§ Problem:
Instruction for the listing below: copy exactly, and only, the lines from the one holding "c Elegant Handloom" through its last line, omitting any picture.
=======
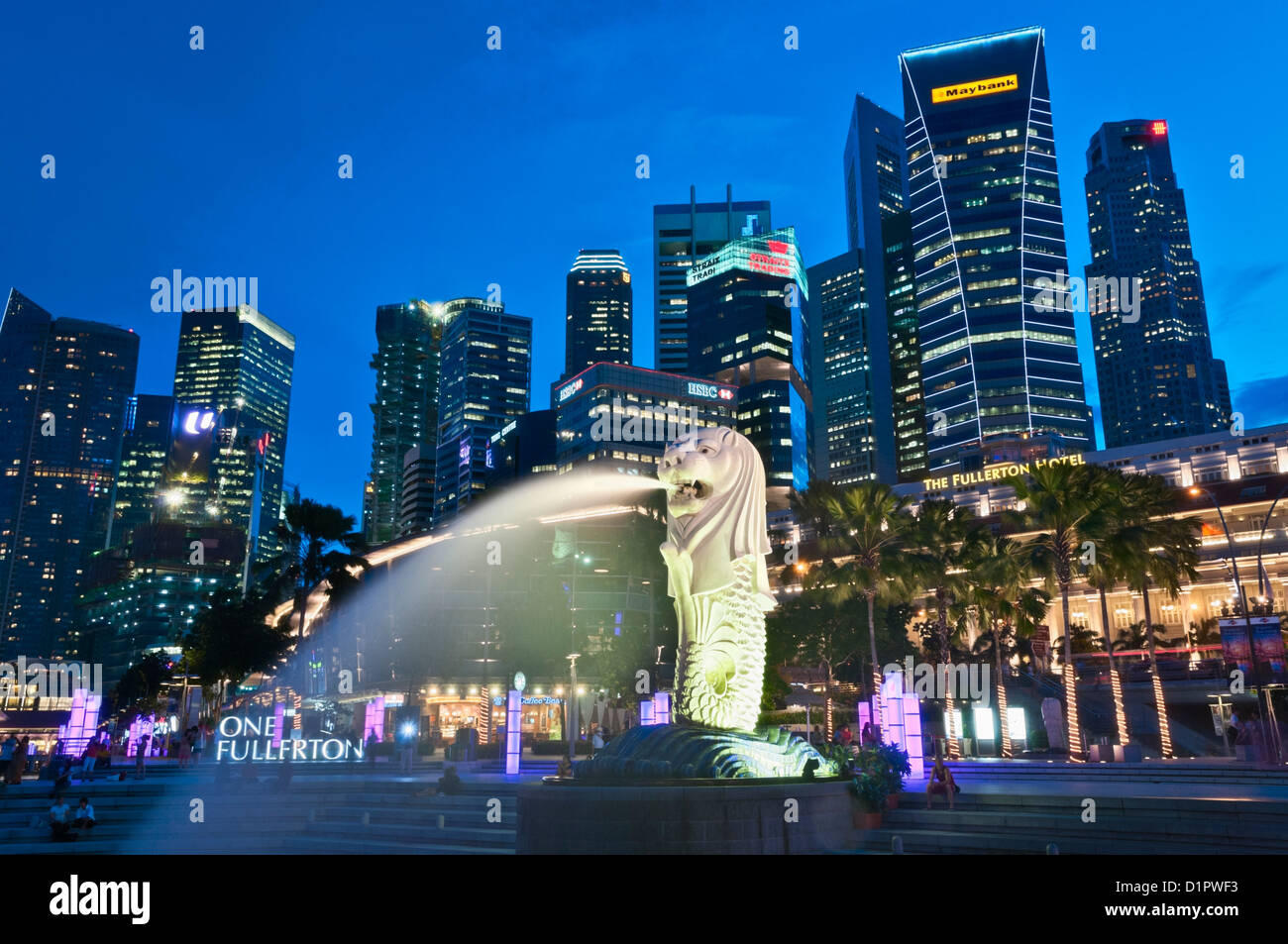 Merlion e il quartiere centrale degli affari di Singapore Foto Stock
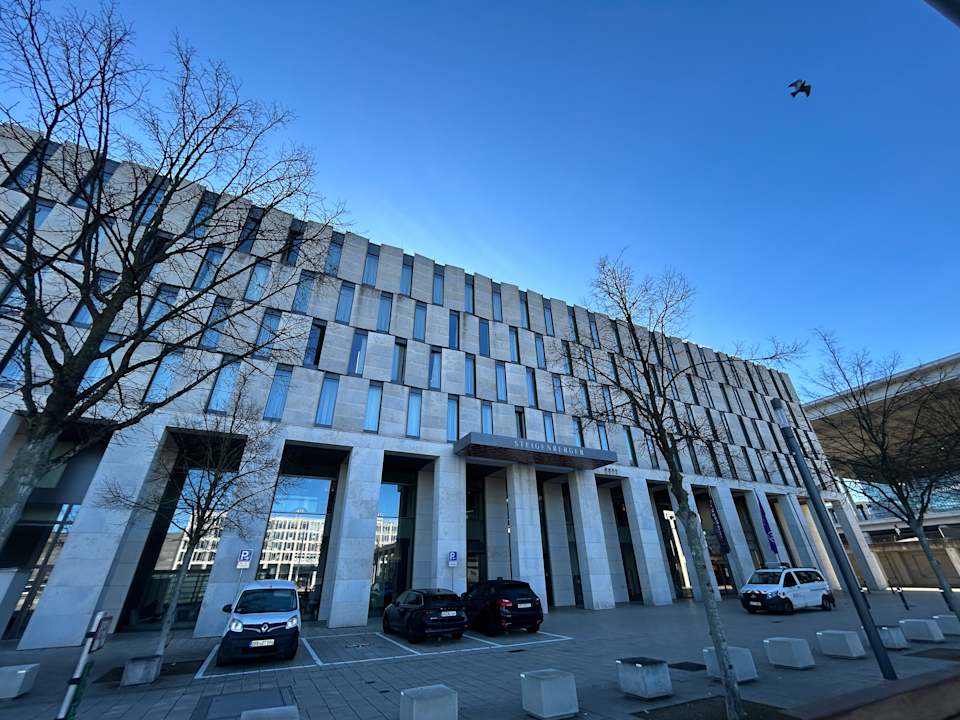 Außenansicht Steigenberger Airport Hotel Berlin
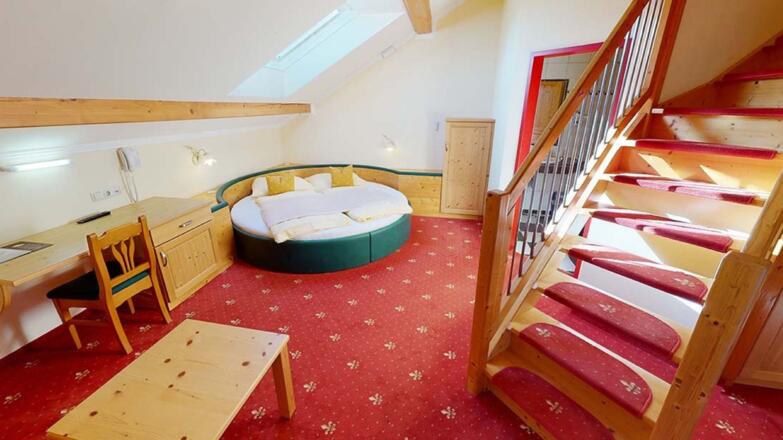 Voralpenhotel Schmoller Berg im Attergau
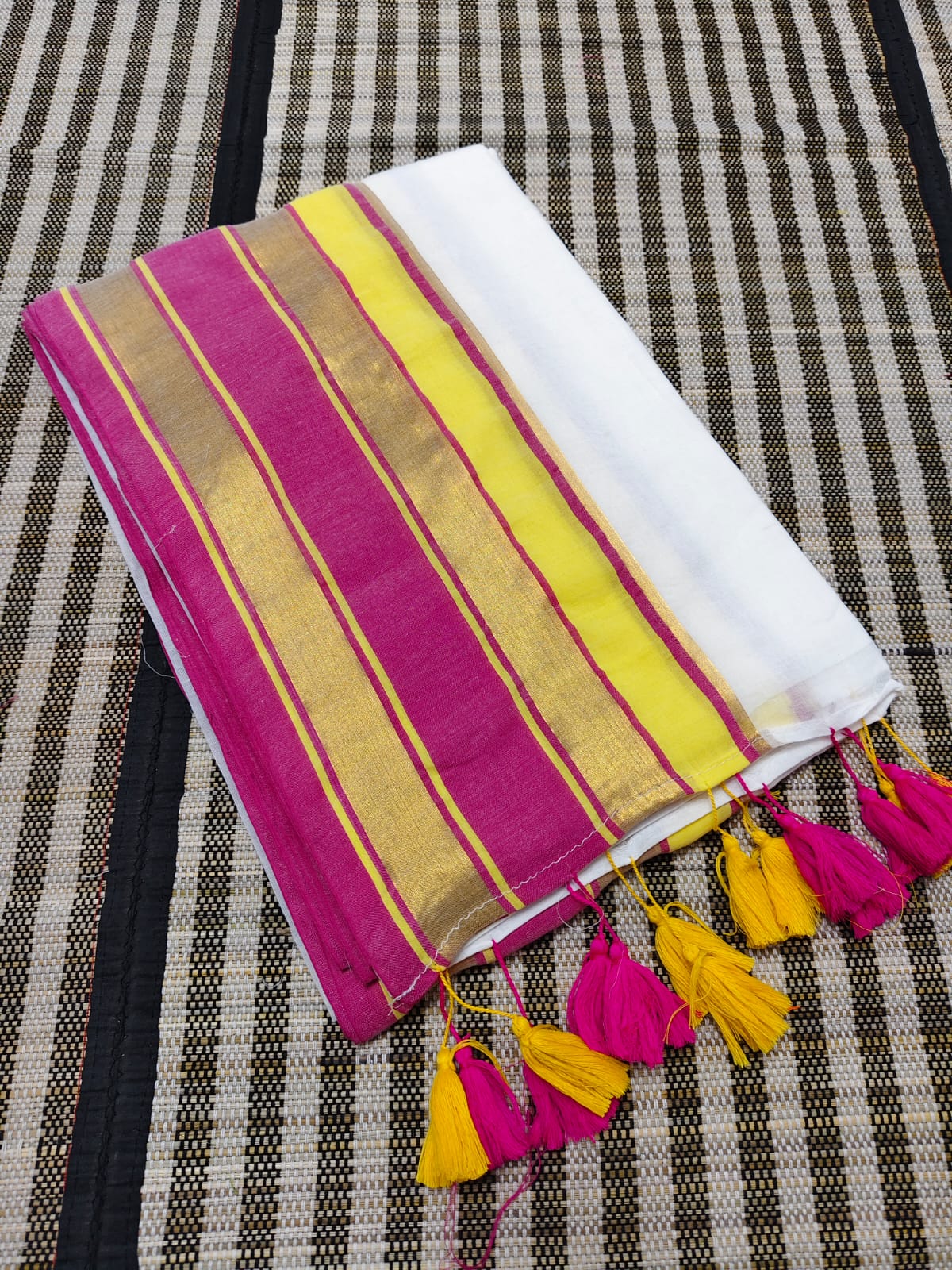 c Elegant Handloom Mal Cotton Saree with Contrast Border & Tassel Pallu With B.P. - Image 1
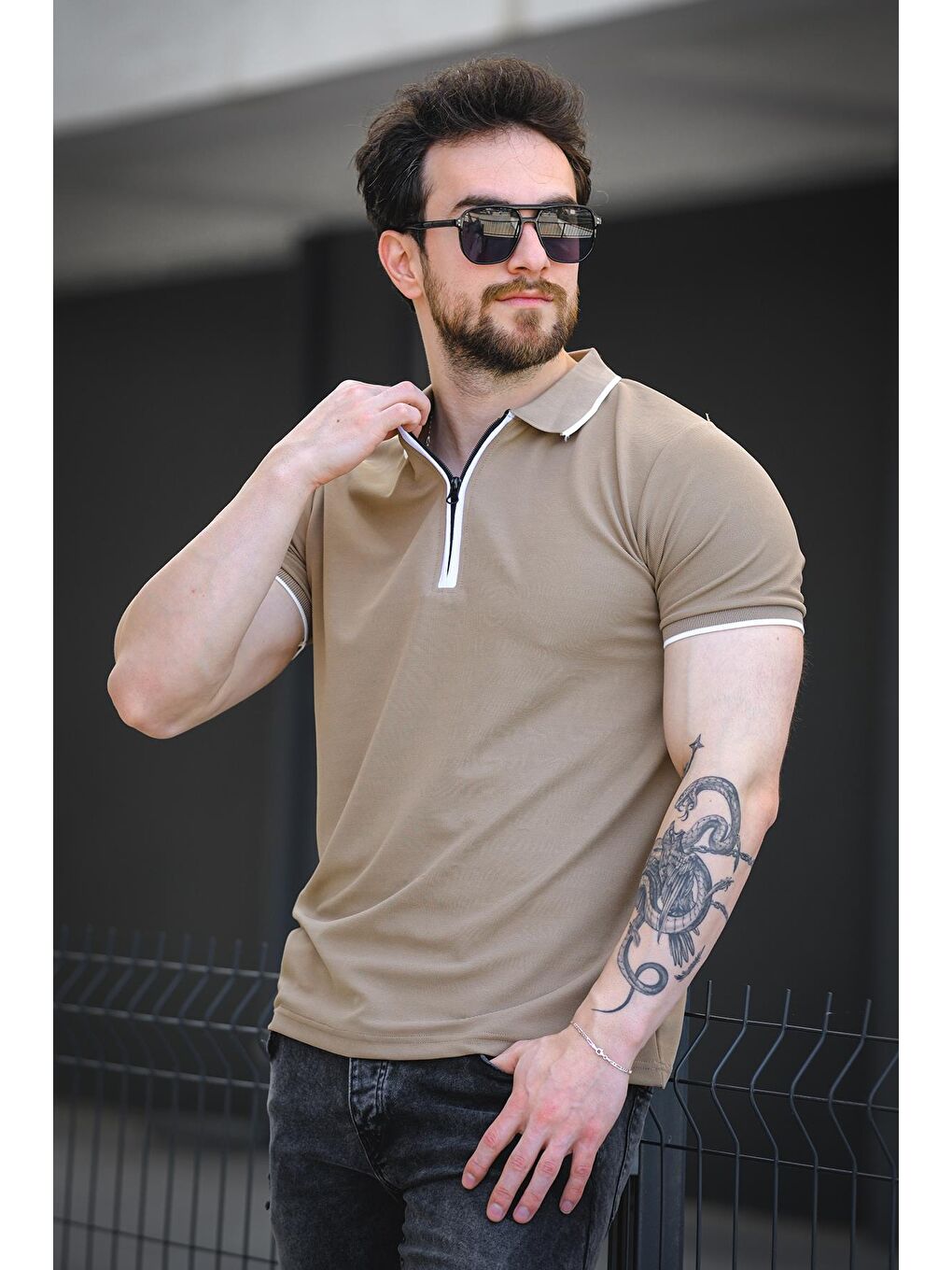 Kahverengi Calep Yakası Şeritli Slim Fit Fermuarlı Polo Yaka Erkek Tshirt-1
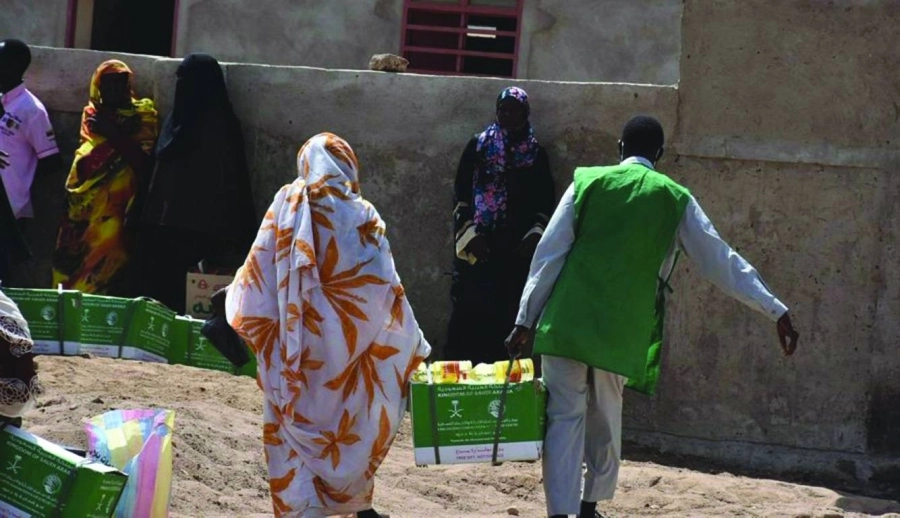 يدا بيد يحملان سلة غذائية في السودان  (واس)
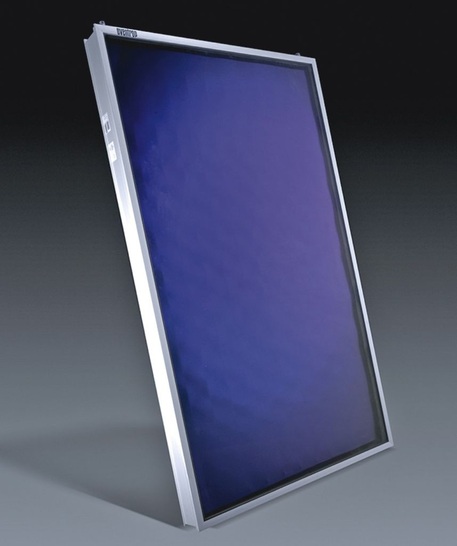 Oventrop: Flachkollektor OKF-CK22. - © Buderus
 Oventrop: Flachkollektor OKF-CK22.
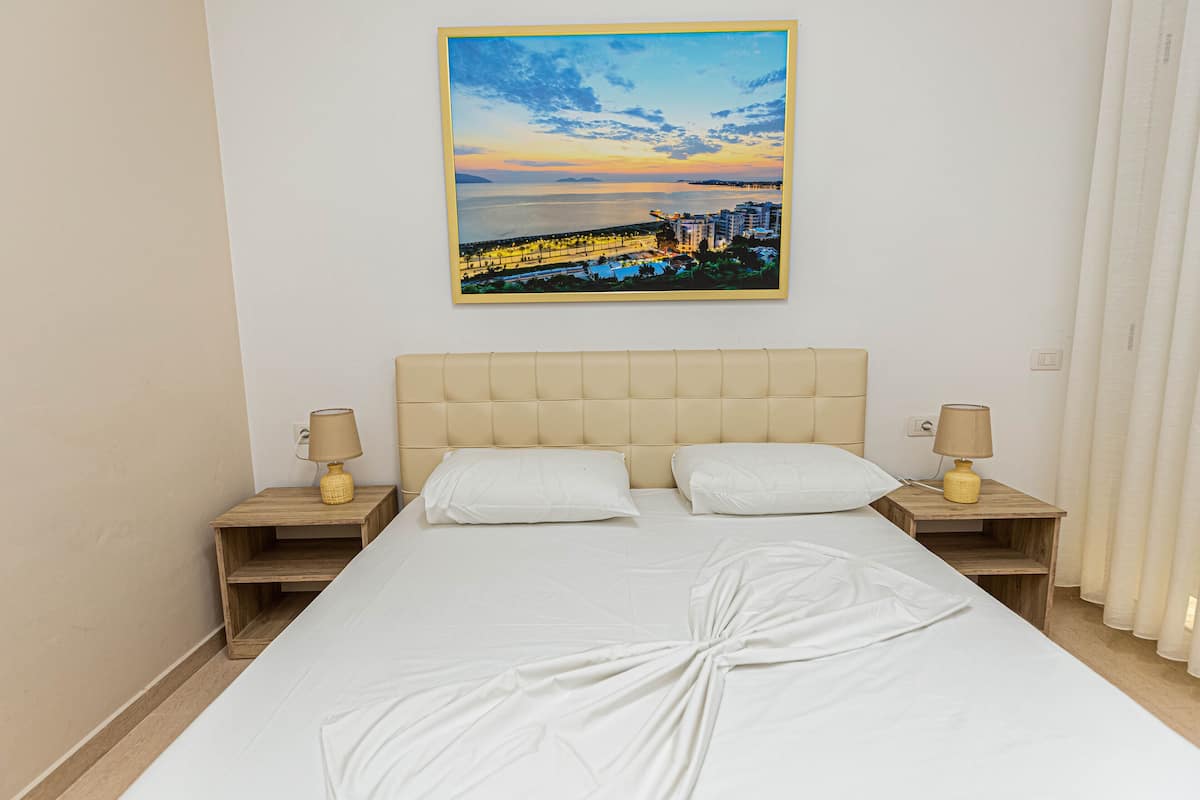 Free WiFi, bed sheets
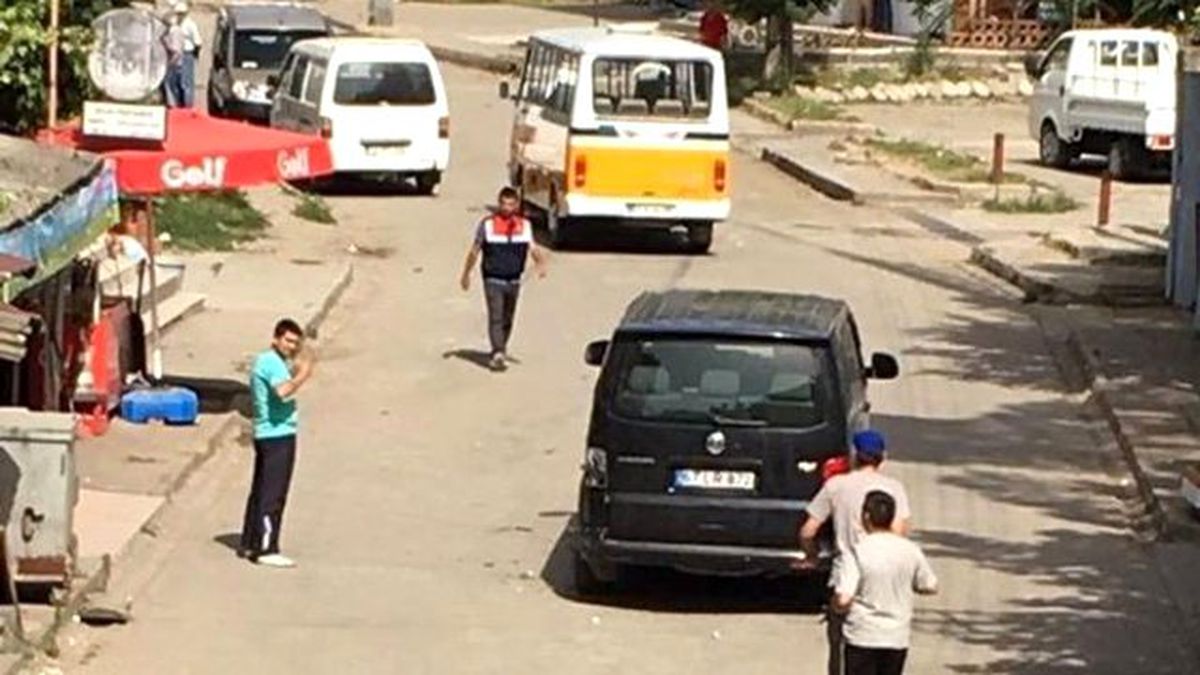 Saldırgana Çarpıp, Babasının Hayatını Kurtardı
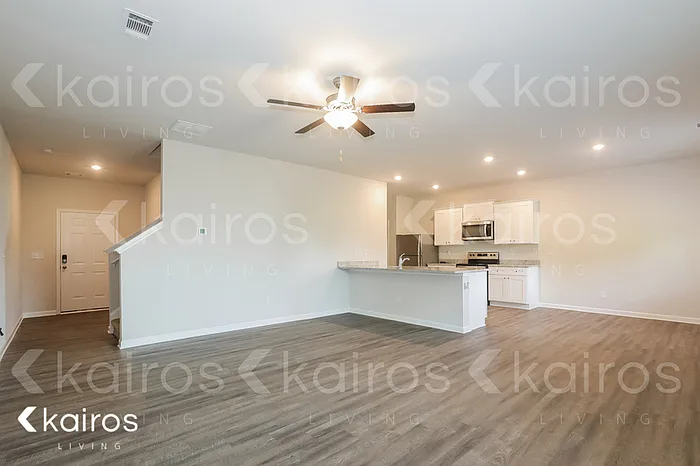 3 bed, 2.5 bath, 1915 sqft, $2,095 — Photo 2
=======
§ Completed task:
 c Elegant Handloom Mal Cotton Saree with Contrast Border & Tassel Pallu With B.P. - Image 1
 Kahverengi Calep Yakası Şeritli Slim Fit Fermuarlı Polo Yaka Erkek Tshirt-1
 يدا بيد يحملان سلة غذائية في السودان  (واس)
 Oventrop: Flachkollektor OKF-CK22. - © Buderus
 Oventrop: Flachkollektor OKF-CK22.
 Free WiFi, bed sheets
 Saldırgana Çarpıp, Babasının Hayatını Kurtardı
 3 bed, 2.5 bath, 1915 sqft, $2,095 — Photo 2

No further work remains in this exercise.